The average density in the Martian atmosphere is therefore

d = p/gh = (700)/(3.698)(93000))

= .00203 kg/m^3, or .002, rounded.

Turning to the NASA calculator mentioned above and selecting "Mars" and
"metric units", we find that the density of the Martian atmosphere is
0.002 at an altitude of 20,433 meters, and that the temperature at that
altitude is -73 deg C. That, therefore, is the average temperature of
the portion of the Martian atmosphere which lies below the ionosphere.
The average absolute temperature in that region is therefore 273 - 73 =
200 K.

The estimated pressure at the bottom of Valles Marineris is therefore

P0 = 700/(2.718)^-(.04324)(3.698)(5000)/(8.314)(200), or

P0 = 1132.18 Pa, which is 11.3218 mb or 8.4942 mmHg.

Looking back at my vapor pressure tables for pure water, I find that
they are less than 8.4942 mmHg for temperatures up to 8.8 deg C. That
means pure water can exist in liquid form up to 8.8 deg C or 47.8 deg F,
at the location shown in the photo.

But, of course, any water flowing into the bottom of Valles Marineris
will without a doubt be mineral laden water from underground
hydrothermal sources. The salinity will be high, and as dissolved
minerals accumulate in water, its vapor pressure declines. Moreover, it
is a simple, linear relationship known as Raolt's law--to wit: the vapor
pressure of a solvent containing dissolved minerals is directly
proportional to the mole fraction of the solute in the solution, where
"mole fraction" is simply the number of moles of the substance (water,
in this case) divided by the total number of moles in the solution. Thus
if V0 is the vapor pressure of pure water at a given temperature, f is
the mole fraction of water in the solution, and V is the vapor pressure
of the solution, then according to Raolt's law, V = fV0.

Sea water, for example, contains 35 gm of dissolved salts for every kg
of water, with the salts being mostly NaCl. Let's simplify slightly and
assume the 35 gms are entirely NaCl.

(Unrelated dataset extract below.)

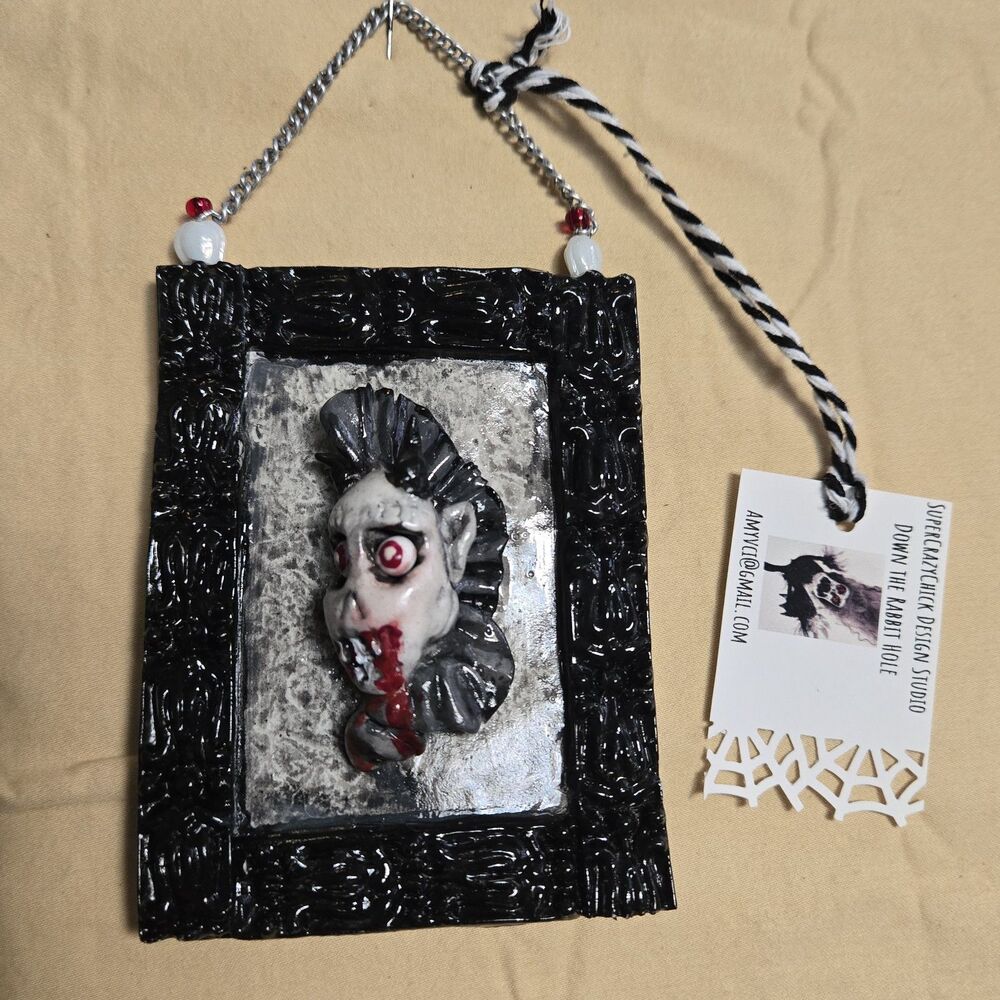 OOAK HM Creepy Oddity Dark Art Sculpt Evil Scary Elf Gremlin Creature Ornament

In that case, since the molecular
weight of NaCl is 58, the solution contains 35/58 = .6 mol, and, since
there are 1000 gms of H2O, which is 55.6 moles, it follows that the mole
fraction of H2O in sea water is 55.6/(55.6 + .6) = .989, and so for sea
water V = (.989)V0 as per the Raolt's law formula.

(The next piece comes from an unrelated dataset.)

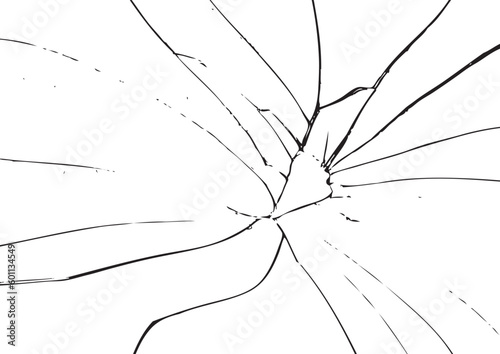 Background Vector illustration of broken glass  silhouette isolated on white background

That, of course, means there is very little reduction in vapor pressure
when sea water is substituted for pure water. In fact, that only takes
us up to 8.9 deg C, where the vapor pressure drops to V = (.989)(8.551)
= 8.457 mmHg, which is just slightly less than the atmospheric pressure
of 8.49 mmHg. Thus if the water pouring into Valles Marineris were like
sea water on Earth, then it would remain liquid at temperatures up to
8.9 deg C, or 48 deg F.

However, sea water on Earth is not saturated with NaCl. In fact, 358 gms
of NaCl can be dissolved in 1 kg of water at 10 deg C (and more at
higher temperatures). That would be 358/58 = 6.17 moles. The 1000 gm of
H2O is 51 moles. Hence the mole fraction of water would be f =
55.6/(55.6 + 6.17) = .9. Result: V = (.9)V0. And that, based on another
look at the vapor pressure tables, is enough to permit liquid water to
exist up to 10.2 deg C, or about 50 deg F.

Other solutes, or multiple solutes, can take us even higher. Most
effective are salts with a low molecular weight and a high solubility,
so that the mole fraction of the solute jumps up, thereby reducing the
mole fraction of the solvent (water). Looking in my handbook again, I
see that the solubility (by interpolation) of LiCl at 12 deg C is 733 gm
in 1000 gm of H2O. Molecular weight of LiCl is 42, so that's 17.45
moles. The 1000 gm of H2O is 55.6 moles. Therefore the mole fraction of
water is 55.6/(55.6 + 17.45) = .761. Hence at 12 deg C we find that V =
(.761)(10.52) = 8.01 mmHg. And that works: with P = 8.49 mmHg and V =
8.0 mmHg, the water will remain liquid at 12 deg C, or 53.6 deg F.

Getting from 10 to 12 deg C by means of lithium chloride sounds like a
stretch, of course, but it could happen. It seems likely that the water
flowing into Valles Marineris is icemelt caused by heat emanating from
the magma chambers of the nearby Tharsis volcanos, and if the ultimate
source of the water is Mars' long since frozen ancient seas, it might
very well contain lots of dissolved salts, including LiCl. On Earth, for
example, it is estimated that there are 230 billion tons of lithium
chloride in sea water, but only 14 million tons on land. [See
http://202.221.217.59/print/news/nn04-2004/nn20040418a9.htm.] Moreover,
there is a process that would automatically raise all solutes to
saturation, given sufficient time. (See explanation further down.)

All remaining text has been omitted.